O estudo também mostra que no mesmo período de 2016 o percentual de sites sem a proteção era ainda maior: 62,42%. Ainda que o país tenha assistido um rápido avanço na adoção do SSL no período, o volume de sites sem os certificados de segurança ainda é considerado alto. Outro aspecto que chama a atenção no estudo é o fato de que, mesmo entre os que possuem os sites que possuem certificados de segurança, perto de um quarto (24.97% ou 2,73 milhões) estão expirados e precisam ser renovados. E outros 3,7 milhões, ou 34,07% dos que possuem o certificado, terão suas licenças expiradas em até três meses.

“É bom lembrarmos que no restante do mundo, no entanto, em média, apenas 8,57% dos sites não possuem essa proteção. E a questão ganha uma relevância ainda maior no momento em que sites sem certificados de SSL são expostos pelo Google com avisos de “não seguros” e deixam de aparecer nos primeiros lugares nas buscas feitas pelo Google”, comenta Thoran Rodrigues, CEO e fundador da BigData Corp. Ou seja, segundo Rodrigues, empresas que mantêm sites sem a camada de SSL poderão ser prejudicadas pois terão seus sites nas últimas páginas de resultados nos sites de busca.

Maurício Balassiano, diretor de certificação digital da Serasa Experian, alerta que os consumidores devem ficar atentos para que seus dados, sejam bancários ou pessoais, não fiquem à mercê de possíveis golpistas. “Para isso, basta verificar se há cadeado na barra de endereço, ou se há um “s” após o http (https), indicando segurança, além da identificação de “seguro” e “não seguro” dada por alguns navegadores”, ensina.

Os dois executivos apontam que o certificado expirado é algo ainda mais crítico para as empresas. Quando certificado está expirado e um usuário tenta acessar o site, seja por meio de uma busca ou quando o usuário digita direto o endereço, o navegador mostra uma página vermelha de erro, com um aviso informando que aquele endereço não é seguro, assustando o internauta. Dessa forma, ter o certificado expirado é, na verdade, pior do que não ter o certificado.

Um a cada cinco e-commerces não está seguro

Tendo em vista os vários tipos de sites, blogs são a categoria na qual os certificados SSL têm a maior penetração – 80,89% deles possuem essa proteção. “Isso se deve quase inteiramente ao fato de que boa parte deles está hospedada em grandes plataformas, que instalam o certificado automaticamente para eles”, explica o CEO da BigData Corp. Naturalmente, e-commerces (78,77%) e sites corporativos (73,47%) vêm em seguida.

Mesmo que os e-commerces tenham um alto percentual de proteção em relação aos demais tipos de site, é importante ter-se em conta que, por se tratarem de sites que transacionam dados bancários, o percentual de 21,23% de sites inseguros é alto. Isso significa que aproximadamente um em cada cinco sites de comércio eletrônico não possui o certificado de segurança que criptografa os dados transacionados.

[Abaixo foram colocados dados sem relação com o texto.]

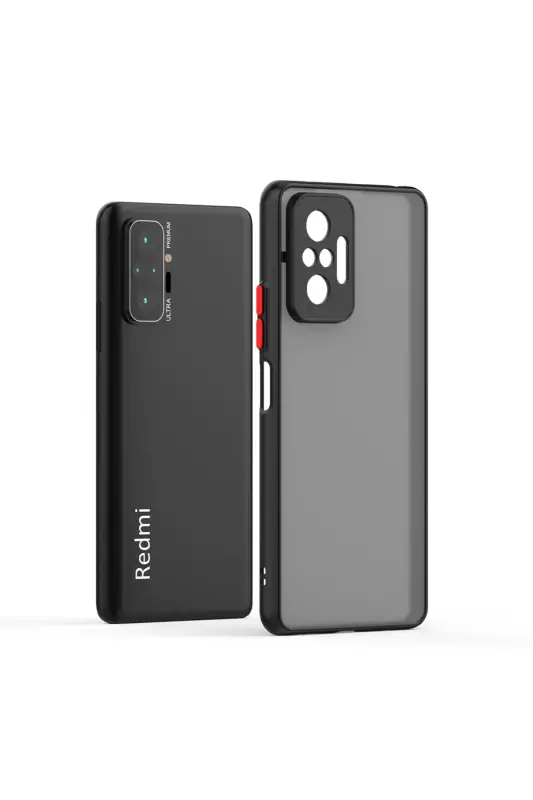 Redmi Note 10 Pro Kılıf Mat Parmak Izi Yapmaz Kamera Korumalı Renkli Tuşlu Sert Silikon Kapak-Spark - 4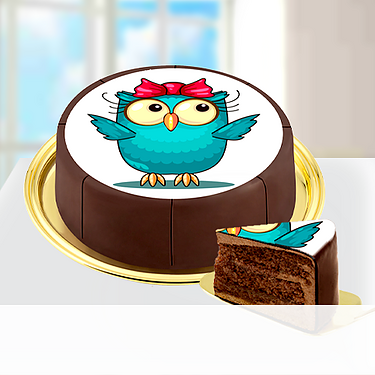 Motiv-Torte "Eule" Motiv-Torte "Eule"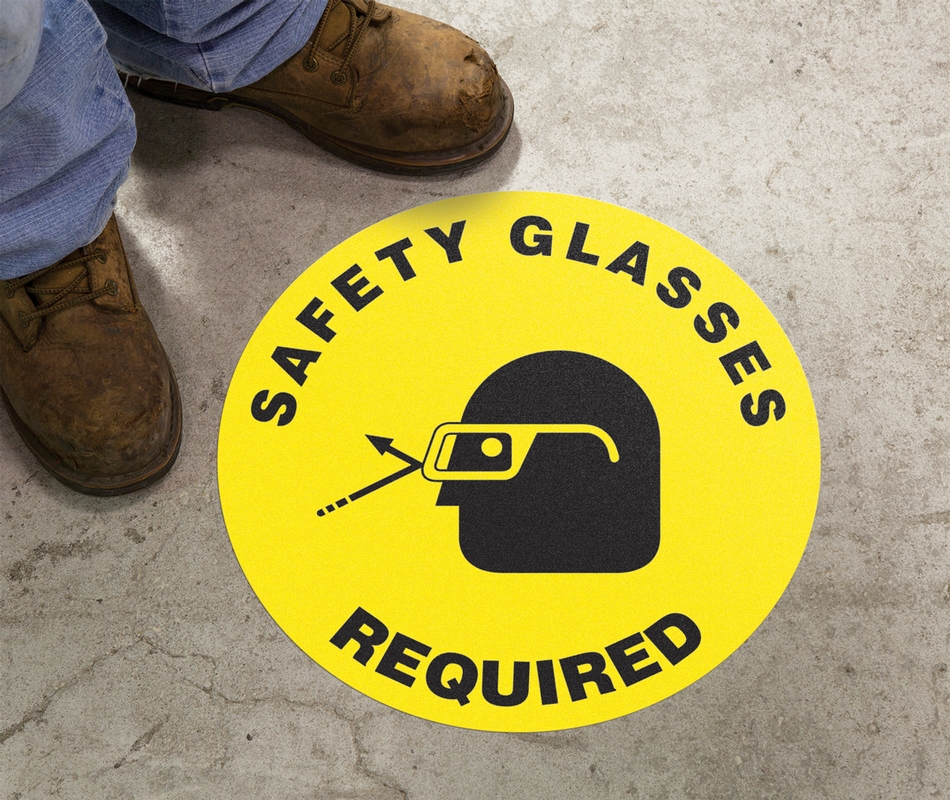 Plant & Facility, Legend: SAFETY GLASSES REQUIRED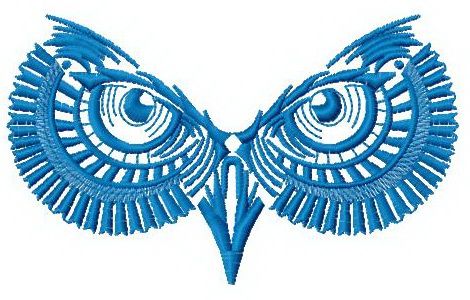 Owl eyes machine embroidery design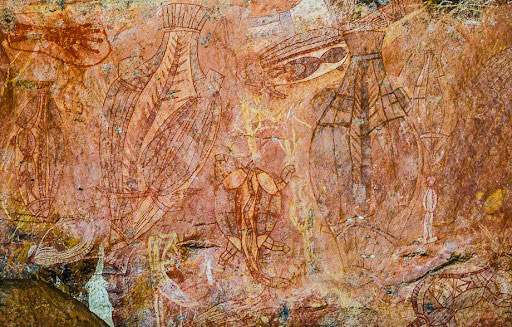 Arte rupestre aborigen en Ubirr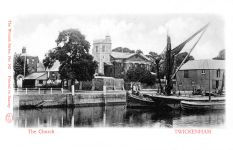 Twickenham Embankment,Twickenham Church,river view
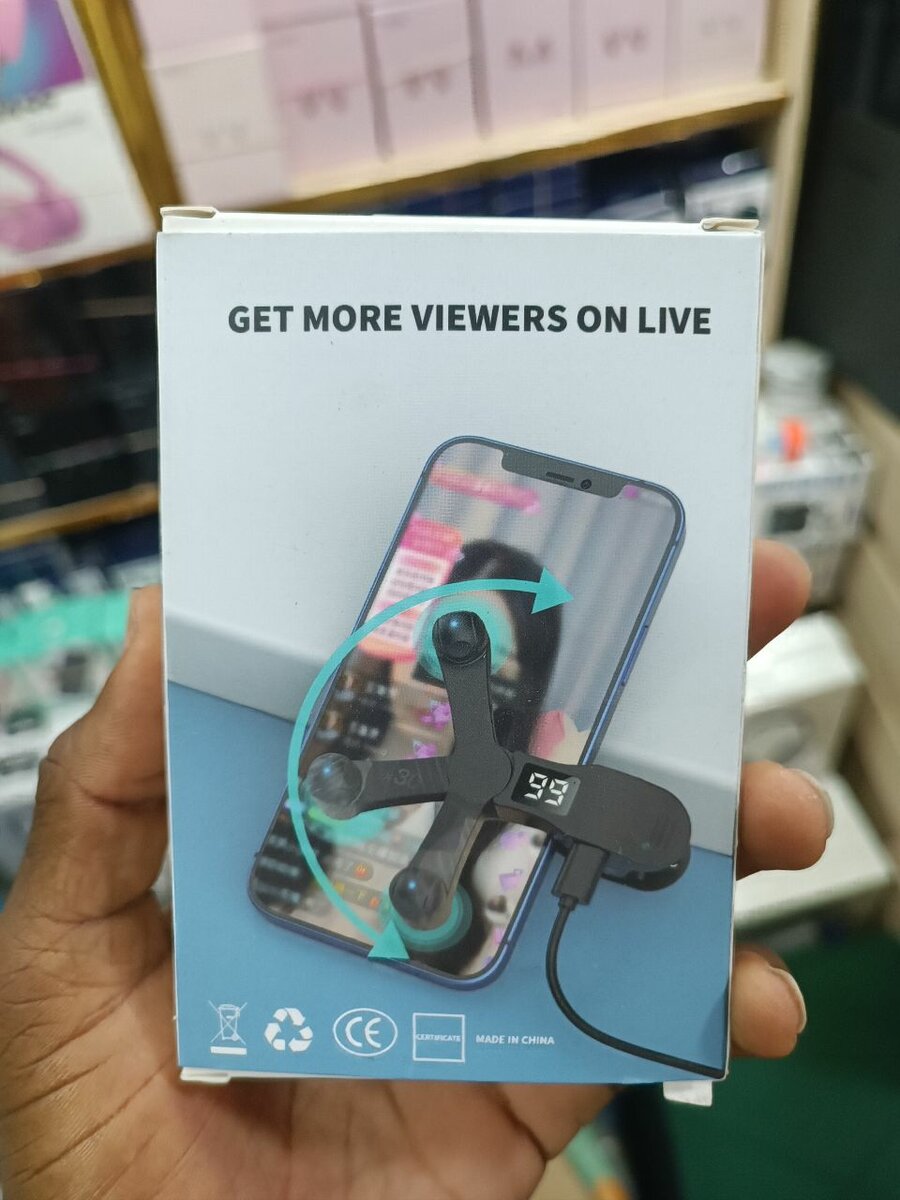 Support Téléphone Rotatif Automatique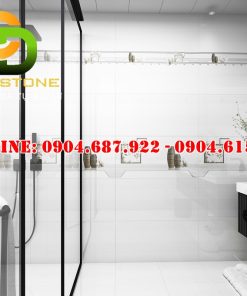 Mẫu gạch phòng tắm Vitto 40x80 VTDD7718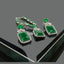 Elegant American Diamond Necklace Set With Silver Accents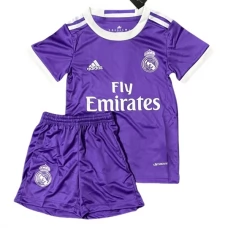 Real Madrid CF Lasten Vieraspelipaita Retro 2016-17 Jalkapallo Pelipaidat Peliasut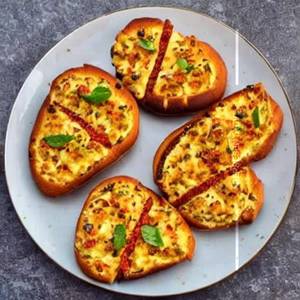 Peri Peri Paneer Garlic Bread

Percentual de grandes sites descobertos surpreende

Um dado do estudo que surpreende é o fato de que mais de um terço (37,36%) dos grandes sites com mais de meio milhão de visitas mensais não possuam certificados SSL. O índice é semelhante (37,51%) entre os sites médios – com mais de 10 mil e meio milhão de visitas mensais. Entre os pequenos – que recebem menos de 10 mil visitas mensais, o SSL está presente apenas em 41,98% deles.

Do ponto de vista da idade das empresas que mantêm sites com SSL, as mais antigas, com 20 anos ou mais, são a maioria – respondendo por uma participação 36,75%. Em segundo lugar, com 20,42% estão os sites entre 5 e 10 anos, e os de 10 a 15 anos (18,37%).São Paulo lidera a participação dos sites que possuem SSL (33,77%), seguido por Minas Gerais (9%), Rio de Janeiro (8,8%) e Rio Grande do Sul (8,03%).

Ambientes inseguros

Uma prática muito utilizada pelos golpistas no ambiente online inseguro é a de phishing, na qual os criminosos copiam as informações trocadas durante uma transação. Dados pessoais roubados, como nome, endereço, CPF etc., podem ser coletados para fraude de identidade, que acontece quando dados pessoais de um consumidor são usados por terceiros para firmar negócios sob falsidade ideológica ou obter crédito sem a intenção de honrar os pagamentos.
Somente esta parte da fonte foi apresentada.